Possible Duplicate:
Sanitization of User-Supplied Regular Expressions in PHP
Let's say you want to let users search for something and your search function has the ability to accept regular expressions.
Is it OK to let site users to search by regexes that they post? From a user's point of view, I'd love a site which would let me do that :D
Is there any security risk involved? How can I sanitize a regex?
The main risk is that the regular expression is very complex and will run for ages or reach the recursion limit of the engine. See this article. Other risks may occur if you let your users user regex replacement in the wrong places, because that introduces the risk of code injection. But matching itself cannot really do any other harm than DoSing your server.

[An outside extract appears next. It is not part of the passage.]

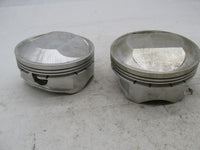 Pair of Harley Davidson Ross NOS High Performance Over Sized C&A Pistons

There has been a question recently on how to recognize these dangerous regexes and the consensus was that it is not generally possible. See the question.
You are probably best off by restricting the time your regex search can take and abort it if it takes too long.
If the regex doesn't effect the programming code, there's no real security risk. The reason, I believe, that it's often not implemented is that it is a costly procedure and I have never seen it used in SQL, so you would need to get ALL the content being searched through, and then run the regex on it, rather than the simplicity allowed with the SQL like
or exact matching, etc.
I don't see a direct security risk, but I see performance related issues that can easily cause some serious downtime. There's two flavors of this, too complex ones and too broad ones. Consider for example a query like .*
- with a big database, I've seen that even a couple of those can easily bring down systems.
I would execute user searches with something else than the actual live database, preferrably from cached results in memory, where this should not matter as much.
Or just implement only wildcards like suggested in the comments (*,?). They're both more user friendly and easier to deal with.